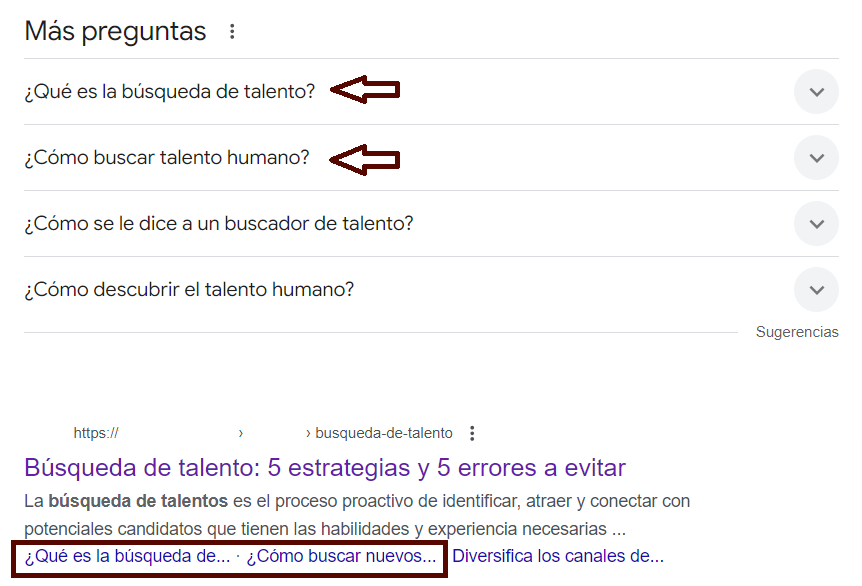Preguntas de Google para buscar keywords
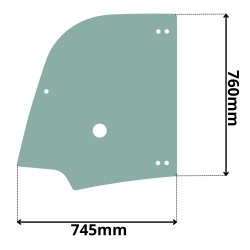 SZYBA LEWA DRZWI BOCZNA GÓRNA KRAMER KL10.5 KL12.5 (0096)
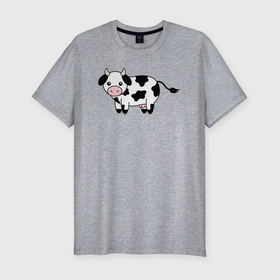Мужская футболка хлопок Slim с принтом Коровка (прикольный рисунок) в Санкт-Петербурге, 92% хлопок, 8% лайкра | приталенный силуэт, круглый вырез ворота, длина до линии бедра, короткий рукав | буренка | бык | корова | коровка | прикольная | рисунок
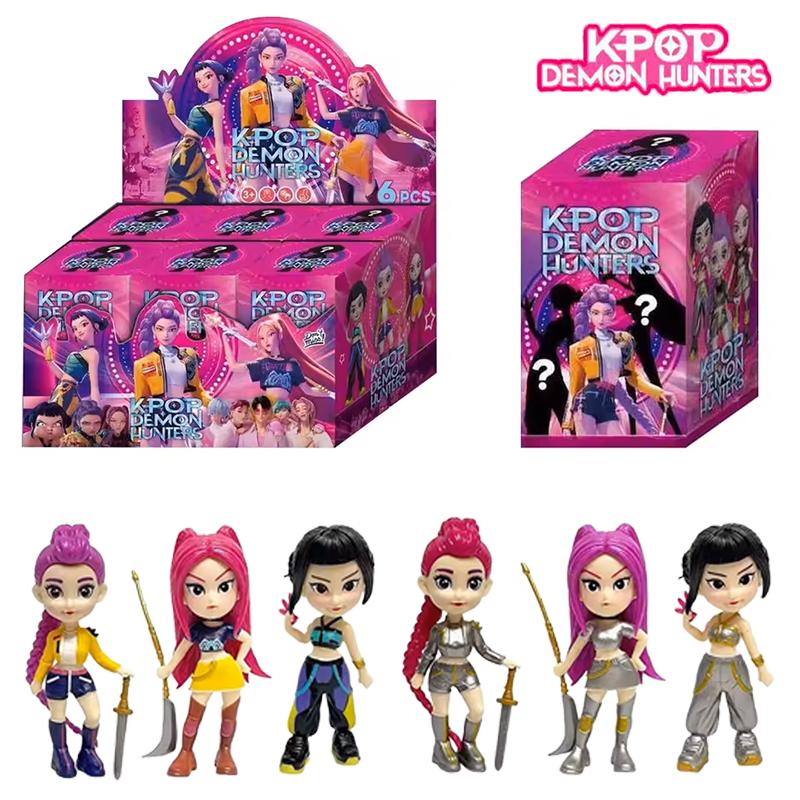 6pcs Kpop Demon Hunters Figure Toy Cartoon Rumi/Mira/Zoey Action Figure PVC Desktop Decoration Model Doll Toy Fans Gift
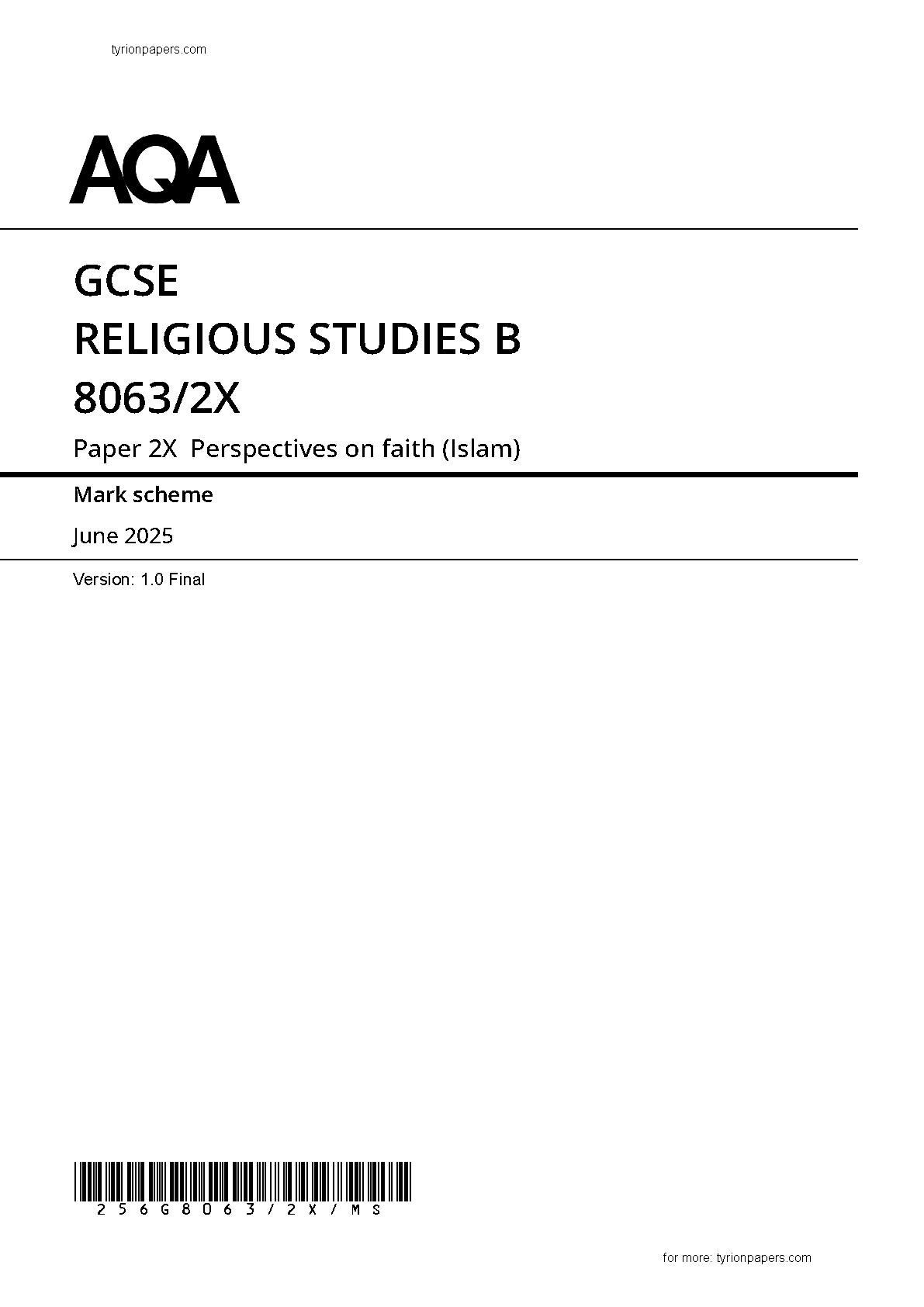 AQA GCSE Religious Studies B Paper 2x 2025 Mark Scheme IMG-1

+++++

## Work required
Output exactly the lines of the listing above that start with the one holding "Мужская футболка хлопок" and go on through the one holding "6pcs Kpop Demon"; leave the pictures out.

## Finished task
Мужская футболка хлопок Slim с принтом Коровка (прикольный рисунок) в Санкт-Петербурге, 92% хлопок, 8% лайкра | приталенный силуэт, круглый вырез ворота, длина до линии бедра, короткий рукав | буренка | бык | корова | коровка | прикольная | рисунок
 6pcs Kpop Demon Hunters Figure Toy Cartoon Rumi/Mira/Zoey Action Figure PVC Desktop Decoration Model Doll Toy Fans Gift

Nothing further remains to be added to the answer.